[Captioned web image data]
---+---

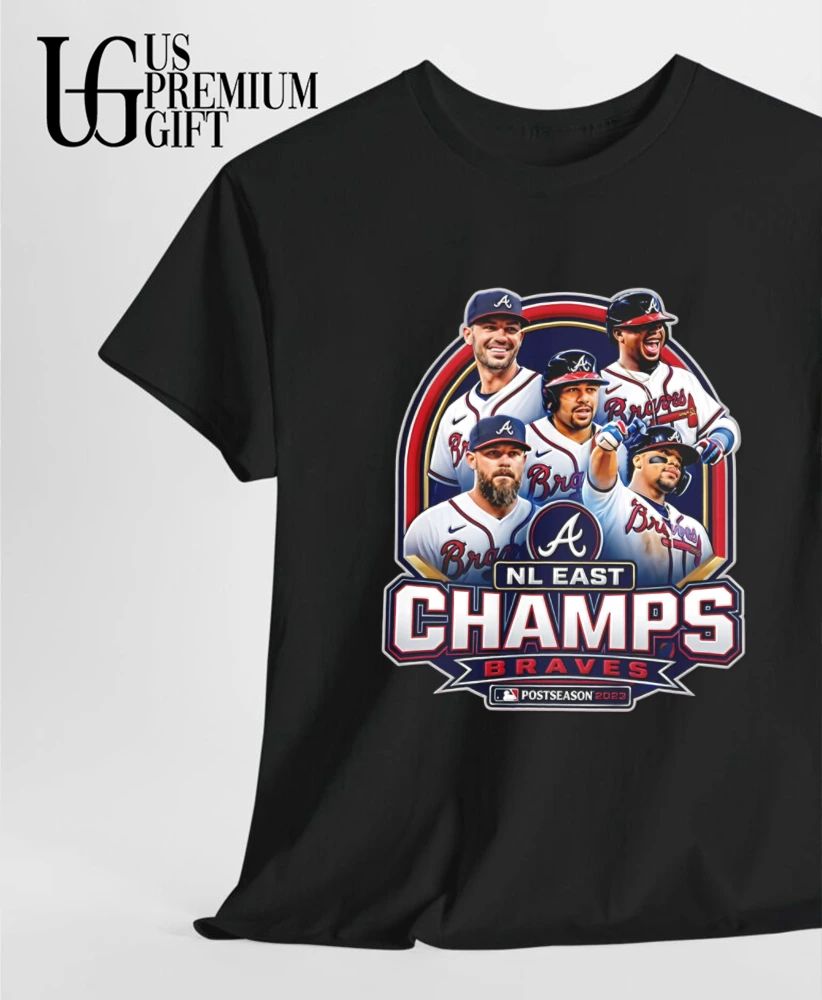 Atlanta Braves NL East Champions 2023 Postseason Baseball graphic shirt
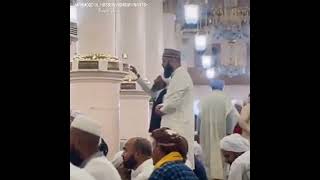 Alhaj Mahmood Ul Hassan Ashrafi praying Namaz in Masjid e Nabvi ﷺl | July 2023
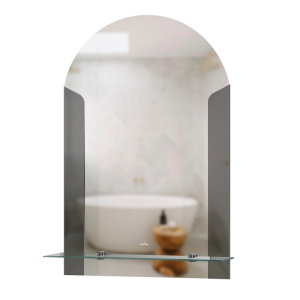 Зеркало MIXLINE "Муза" 390*580 (ШВ) с полкой (552616)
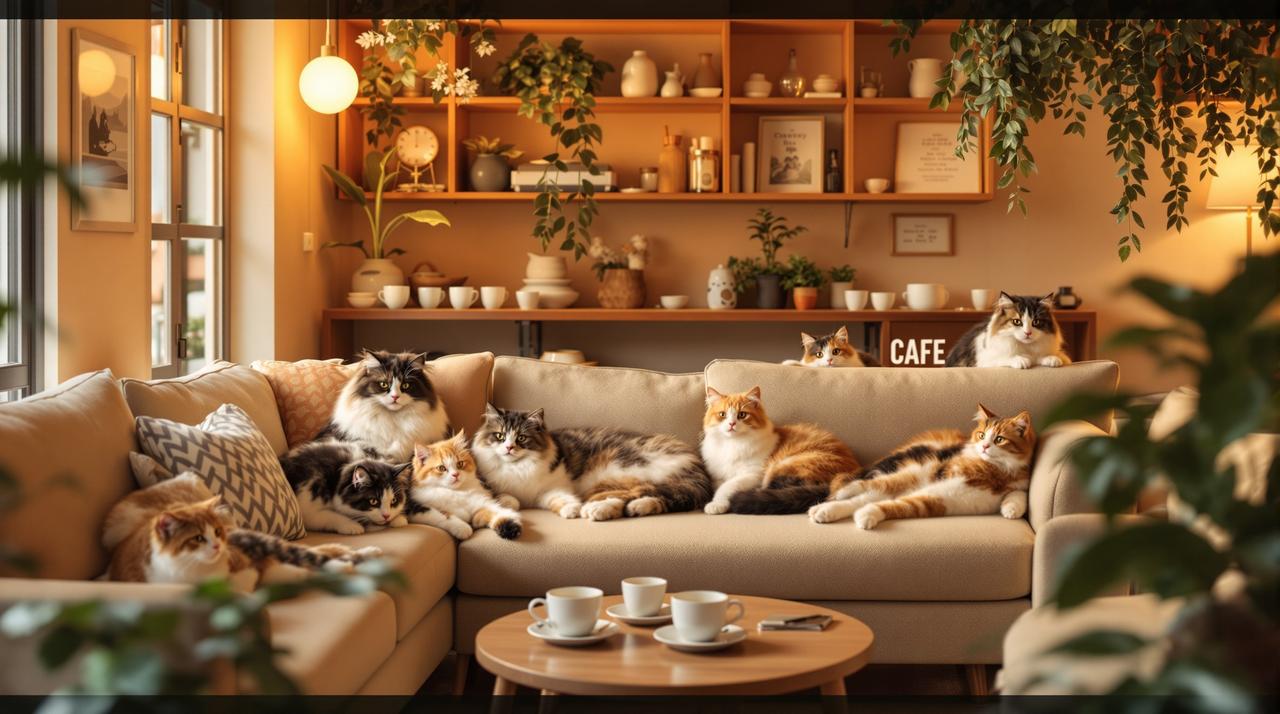 猫咪咖啡店 · 治愈系日常 猫咪咖啡店 · 治愈系日常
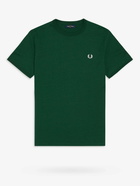 Fred Perry T Shirt Green   Mens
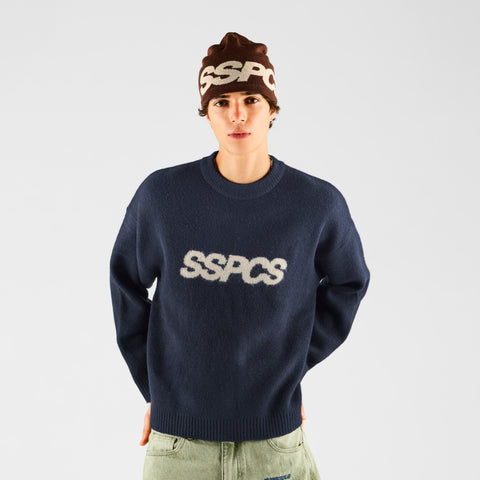 Fall 1 / Track Knitted Sweat - Navy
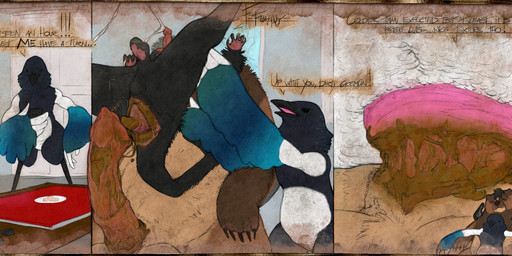 5_fingers abdominal_bulge anal anal_penetration anal_prolapse anatomically_correct anatomically_correct_genitalia anatomically_correct_penis animal_genitalia animal_penis anthro anthro_on_feral anthro_on_top anthro_penetrated anus arm_markings aroused balls beak bear_ears bed bed_sheet bedding bedroom belly bestiality big_anus big_balls big_penis biped black_balls black_beak black_body black_claws black_ears black_fur black_hands black_sheath black_tail blue_body blue_feathers blue_hands blue_wings bodily_fluids brown_arms brown_body brown_claws brown_ears brown_fur brown_hands brown_mane brown_paws butt cellphone chair chair_position cheek_markings claws cloaca cloacal cloacal_penetration close-up computer computer_desk computer_mouse coprophilic_intercourse cum cumshot desk detailed_anus detailed_background dialogue digitigrade dirty_anal dominant dominant_male door ejaculation electronics erection facial_markings feather_markings feathered_wings feathers feces feces_in_ass feces_on_anus feces_on_cloaca feces_on_fur feces_on_genitals feces_on_penis feces_on_self feces_on_sheath feces_smear feral feral_on_bottom feral_penetrating feral_penetrating_anthro feral_penetrating_male finger_claws fingers fluffy fluffy_tail from_behind_position fur fur_markings furniture gaping gaping_anus genital_fluids genitals green_body green_eyes green_feathers green_hands green_wings grey_body grey_fur grey_tail group group_sex hair head_markings headphones holding_object inside interspecies laptop large_penetration leaking_feces leaking_precum lifting lifting_another lifting_up logo long_penis long_tail male male/male male_anthro male_feral male_on_bottom male_on_feral male_penetrated male_penetrating male_penetrating_male mane mane_hair markings mattress monotone_anus monotone_balls monotone_beak monotone_genitals monotone_hands monotone_inner_ear monotone_markings monotone_penis mousepad multicolored_body multicolored_ears multicolored_feathers multicolored_fur multicolored_hands multicolored_penis multicolored_wings muzzle_(marking) no_pupils nude on_bottom on_lap on_top open_mouth orange_eyes orgasm pawpads paws penetration penile penile_penetration penis penis_in_ass penis_in_cloaca phone pink_anus pink_balls pink_pawpads pink_penis pink_tongue plantigrade pooping precum precum_from_penis precum_in_ass precum_inside precum_on_penis precum_on_self precum_string prehensile_tail prolapse puffy_anus pull_out quadruped rear_view red_penis ribbed_penis scatplay sex sheath short short_ears short_fur simple_background sitting sitting_in_feces sitting_on_lap size_difference skinny skinny_anthro skinny_male slightly_chubby slightly_chubby_anthro slightly_chubby_male small_balls small_ears small_sheath smartphone snout snout_markings submissive submissive_male table tail tail_anus tail_tuft tan_balls tan_belly tan_body tan_ears tan_fur tan_markings tan_sheath teeth text textured_background thick_penis thin_penis thin_tail three-quarter_view threesome tight_balls toe_claws tongue trio tuft two_tone_balls two_tone_body two_tone_ears two_tone_fur two_tone_penis two_tone_tail unusual_anatomy unusual_genitalia unusual_penis ursine_ears ursine_genitalia ursine_penis vein veiny_penis white_body white_eyes white_feathers white_hands white_wings wings hdyly third-party_edit kuruk_(character) seraphix wren_(kuruk) avian bear bird black-billed_magpie brown_bear corvid cryptid grizzly_bear holarctic_magpie magpie_(corvid) mammal oscine passerine ursidae ursine 2025 absurd_res artist_logo artist_name digital_drawing_(artwork) digital_media_(artwork) english_text hi_res signature sketch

---+---

• _Directions_: Return all records verbatim and drop the pictures.

• _Response to this exercise_:
 Atlanta Braves NL East Champions 2023 Postseason Baseball graphic shirt
 Alhaj Mahmood Ul Hassan Ashrafi praying Namaz in Masjid e Nabvi ﷺl | July 2023
 Зеркало MIXLINE "Муза" 390*580 (ШВ) с полкой (552616)
 猫咪咖啡店 · 治愈系日常 猫咪咖啡店 · 治愈系日常
 Fred Perry T Shirt Green   Mens
 Fall 1 / Track Knitted Sweat - Navy
 5_fingers abdominal_bulge anal anal_penetration anal_prolapse anatomically_correct anatomically_correct_genitalia anatomically_correct_penis animal_genitalia animal_penis anthro anthro_on_feral anthro_on_top anthro_penetrated anus arm_markings aroused balls beak bear_ears bed bed_sheet bedding bedroom belly bestiality big_anus big_balls big_penis biped black_balls black_beak black_body black_claws black_ears black_fur black_hands black_sheath black_tail blue_body blue_feathers blue_hands blue_wings bodily_fluids brown_arms brown_body brown_claws brown_ears brown_fur brown_hands brown_mane brown_paws butt cellphone chair chair_position cheek_markings claws cloaca cloacal cloacal_penetration close-up computer computer_desk computer_mouse coprophilic_intercourse cum cumshot desk detailed_anus detailed_background dialogue digitigrade dirty_anal dominant dominant_male door ejaculation electronics erection facial_markings feather_markings feathered_wings feathers feces feces_in_ass feces_on_anus feces_on_cloaca feces_on_fur feces_on_genitals feces_on_penis feces_on_self feces_on_sheath feces_smear feral feral_on_bottom feral_penetrating feral_penetrating_anthro feral_penetrating_male finger_claws fingers fluffy fluffy_tail from_behind_position fur fur_markings furniture gaping gaping_anus genital_fluids genitals green_body green_eyes green_feathers green_hands green_wings grey_body grey_fur grey_tail group group_sex hair head_markings headphones holding_object inside interspecies laptop large_penetration leaking_feces leaking_precum lifting lifting_another lifting_up logo long_penis long_tail male male/male male_anthro male_feral male_on_bottom male_on_feral male_penetrated male_penetrating male_penetrating_male mane mane_hair markings mattress monotone_anus monotone_balls monotone_beak monotone_genitals monotone_hands monotone_inner_ear monotone_markings monotone_penis mousepad multicolored_body multicolored_ears multicolored_feathers multicolored_fur multicolored_hands multicolored_penis multicolored_wings muzzle_(marking) no_pupils nude on_bottom on_lap on_top open_mouth orange_eyes orgasm pawpads paws penetration penile penile_penetration penis penis_in_ass penis_in_cloaca phone pink_anus pink_balls pink_pawpads pink_penis pink_tongue plantigrade pooping precum precum_from_penis precum_in_ass precum_inside precum_on_penis precum_on_self precum_string prehensile_tail prolapse puffy_anus pull_out quadruped rear_view red_penis ribbed_penis scatplay sex sheath short short_ears short_fur simple_background sitting sitting_in_feces sitting_on_lap size_difference skinny skinny_anthro skinny_male slightly_chubby slightly_chubby_anthro slightly_chubby_male small_balls small_ears small_sheath smartphone snout snout_markings submissive submissive_male table tail tail_anus tail_tuft tan_balls tan_belly tan_body tan_ears tan_fur tan_markings tan_sheath teeth text textured_background thick_penis thin_penis thin_tail three-quarter_view threesome tight_balls toe_claws tongue trio tuft two_tone_balls two_tone_body two_tone_ears two_tone_fur two_tone_penis two_tone_tail unusual_anatomy unusual_genitalia unusual_penis ursine_ears ursine_genitalia ursine_penis vein veiny_penis white_body white_eyes white_feathers white_hands white_wings wings hdyly third-party_edit kuruk_(character) seraphix wren_(kuruk) avian bear bird black-billed_magpie brown_bear corvid cryptid grizzly_bear holarctic_magpie magpie_(corvid) mammal oscine passerine ursidae ursine 2025 absurd_res artist_logo artist_name digital_drawing_(artwork) digital_media_(artwork) english_text hi_res signature sketch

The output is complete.